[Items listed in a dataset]
──────────

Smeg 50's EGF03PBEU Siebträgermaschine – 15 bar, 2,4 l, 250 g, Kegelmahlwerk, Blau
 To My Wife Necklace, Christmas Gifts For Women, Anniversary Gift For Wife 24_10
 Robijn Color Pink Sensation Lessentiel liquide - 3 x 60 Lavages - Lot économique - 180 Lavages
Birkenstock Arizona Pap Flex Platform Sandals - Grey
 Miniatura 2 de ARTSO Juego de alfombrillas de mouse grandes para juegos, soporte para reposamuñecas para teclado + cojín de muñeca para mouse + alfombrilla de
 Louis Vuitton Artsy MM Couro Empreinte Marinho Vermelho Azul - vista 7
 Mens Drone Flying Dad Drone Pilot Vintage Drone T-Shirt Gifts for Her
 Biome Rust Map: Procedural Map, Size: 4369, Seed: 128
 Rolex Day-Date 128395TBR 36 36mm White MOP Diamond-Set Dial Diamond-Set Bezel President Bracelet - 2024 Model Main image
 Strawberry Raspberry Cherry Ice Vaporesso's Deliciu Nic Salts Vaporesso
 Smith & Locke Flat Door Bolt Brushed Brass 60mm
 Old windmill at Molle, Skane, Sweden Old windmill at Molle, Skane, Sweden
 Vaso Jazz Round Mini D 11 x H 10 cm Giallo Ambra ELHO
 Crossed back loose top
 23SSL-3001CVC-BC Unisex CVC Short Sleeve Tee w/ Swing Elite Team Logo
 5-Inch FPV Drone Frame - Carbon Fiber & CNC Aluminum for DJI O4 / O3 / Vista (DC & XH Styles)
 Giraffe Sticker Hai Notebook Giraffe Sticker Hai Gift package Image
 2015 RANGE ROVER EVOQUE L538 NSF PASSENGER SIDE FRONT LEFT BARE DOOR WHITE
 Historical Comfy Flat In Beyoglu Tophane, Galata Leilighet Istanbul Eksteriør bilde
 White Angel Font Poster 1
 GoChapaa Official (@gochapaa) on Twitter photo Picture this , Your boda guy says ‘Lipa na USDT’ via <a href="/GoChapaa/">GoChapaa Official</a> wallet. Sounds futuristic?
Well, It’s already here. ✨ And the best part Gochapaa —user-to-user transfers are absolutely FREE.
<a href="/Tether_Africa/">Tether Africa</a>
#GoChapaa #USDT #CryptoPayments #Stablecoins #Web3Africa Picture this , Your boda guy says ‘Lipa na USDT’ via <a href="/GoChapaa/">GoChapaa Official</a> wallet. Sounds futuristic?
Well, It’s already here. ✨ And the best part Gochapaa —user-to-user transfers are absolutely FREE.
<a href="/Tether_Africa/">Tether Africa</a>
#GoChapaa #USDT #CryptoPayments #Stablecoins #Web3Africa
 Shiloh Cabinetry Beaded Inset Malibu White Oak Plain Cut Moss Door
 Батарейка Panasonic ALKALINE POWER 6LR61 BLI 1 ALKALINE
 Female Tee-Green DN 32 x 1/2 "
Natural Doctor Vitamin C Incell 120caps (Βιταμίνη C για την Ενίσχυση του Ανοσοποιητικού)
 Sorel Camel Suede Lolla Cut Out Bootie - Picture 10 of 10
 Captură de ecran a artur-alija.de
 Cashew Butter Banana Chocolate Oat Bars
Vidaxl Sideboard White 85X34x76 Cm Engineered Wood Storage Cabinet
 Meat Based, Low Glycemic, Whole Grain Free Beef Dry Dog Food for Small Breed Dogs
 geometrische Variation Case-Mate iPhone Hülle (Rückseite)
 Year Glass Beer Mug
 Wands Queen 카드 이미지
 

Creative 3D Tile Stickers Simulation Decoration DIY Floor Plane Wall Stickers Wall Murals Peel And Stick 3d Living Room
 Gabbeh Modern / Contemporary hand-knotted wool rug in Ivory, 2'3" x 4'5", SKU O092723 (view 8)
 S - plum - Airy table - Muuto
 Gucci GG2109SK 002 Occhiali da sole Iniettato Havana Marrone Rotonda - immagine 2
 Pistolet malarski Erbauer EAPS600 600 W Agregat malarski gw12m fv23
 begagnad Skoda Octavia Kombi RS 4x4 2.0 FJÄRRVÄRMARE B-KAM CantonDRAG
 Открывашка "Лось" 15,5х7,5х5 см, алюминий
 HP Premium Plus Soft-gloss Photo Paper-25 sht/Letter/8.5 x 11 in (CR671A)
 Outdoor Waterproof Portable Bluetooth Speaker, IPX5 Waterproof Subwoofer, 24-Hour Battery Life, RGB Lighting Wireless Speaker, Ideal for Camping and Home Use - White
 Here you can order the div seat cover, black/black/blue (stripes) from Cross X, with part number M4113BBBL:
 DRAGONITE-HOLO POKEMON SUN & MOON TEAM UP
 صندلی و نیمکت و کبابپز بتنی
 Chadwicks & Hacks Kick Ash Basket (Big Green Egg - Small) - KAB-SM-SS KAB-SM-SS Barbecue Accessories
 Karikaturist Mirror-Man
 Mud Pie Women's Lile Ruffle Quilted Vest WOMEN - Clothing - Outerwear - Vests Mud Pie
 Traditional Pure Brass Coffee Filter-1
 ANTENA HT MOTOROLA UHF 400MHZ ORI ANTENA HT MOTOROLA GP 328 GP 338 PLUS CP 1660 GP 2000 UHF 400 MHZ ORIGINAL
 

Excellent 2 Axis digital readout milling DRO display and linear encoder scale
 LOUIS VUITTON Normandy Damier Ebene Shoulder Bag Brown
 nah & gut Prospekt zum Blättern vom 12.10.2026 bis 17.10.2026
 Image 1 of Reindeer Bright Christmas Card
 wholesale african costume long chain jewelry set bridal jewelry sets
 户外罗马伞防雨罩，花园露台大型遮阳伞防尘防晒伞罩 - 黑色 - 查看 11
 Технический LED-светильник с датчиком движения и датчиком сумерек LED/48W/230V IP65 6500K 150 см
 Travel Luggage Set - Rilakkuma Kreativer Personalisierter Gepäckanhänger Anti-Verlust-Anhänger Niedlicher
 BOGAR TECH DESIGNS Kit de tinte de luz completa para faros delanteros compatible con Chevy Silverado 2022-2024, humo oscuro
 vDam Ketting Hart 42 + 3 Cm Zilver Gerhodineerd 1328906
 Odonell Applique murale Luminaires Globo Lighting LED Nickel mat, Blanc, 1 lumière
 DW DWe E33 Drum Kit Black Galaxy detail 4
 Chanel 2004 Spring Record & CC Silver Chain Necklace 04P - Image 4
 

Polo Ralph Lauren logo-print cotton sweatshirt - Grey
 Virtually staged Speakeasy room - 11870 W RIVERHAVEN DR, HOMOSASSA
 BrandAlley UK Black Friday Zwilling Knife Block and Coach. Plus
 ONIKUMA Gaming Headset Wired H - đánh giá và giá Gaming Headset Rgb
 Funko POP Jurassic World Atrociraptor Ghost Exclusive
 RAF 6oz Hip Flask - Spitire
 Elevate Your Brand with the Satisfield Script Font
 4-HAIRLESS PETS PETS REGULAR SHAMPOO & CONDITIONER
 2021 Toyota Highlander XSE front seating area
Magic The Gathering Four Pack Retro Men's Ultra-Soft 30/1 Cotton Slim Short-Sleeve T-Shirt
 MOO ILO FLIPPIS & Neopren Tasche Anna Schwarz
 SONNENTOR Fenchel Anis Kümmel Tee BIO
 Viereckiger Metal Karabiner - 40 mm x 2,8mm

──────────

> What is required:
From the first line of the data above through the line containing "Birkenstock Arizona Pap", repeat each line exactly, and add nothing.

> Output below:
Smeg 50's EGF03PBEU Siebträgermaschine – 15 bar, 2,4 l, 250 g, Kegelmahlwerk, Blau
 To My Wife Necklace, Christmas Gifts For Women, Anniversary Gift For Wife 24_10
 Robijn Color Pink Sensation Lessentiel liquide - 3 x 60 Lavages - Lot économique - 180 Lavages
Birkenstock Arizona Pap Flex Platform Sandals - Grey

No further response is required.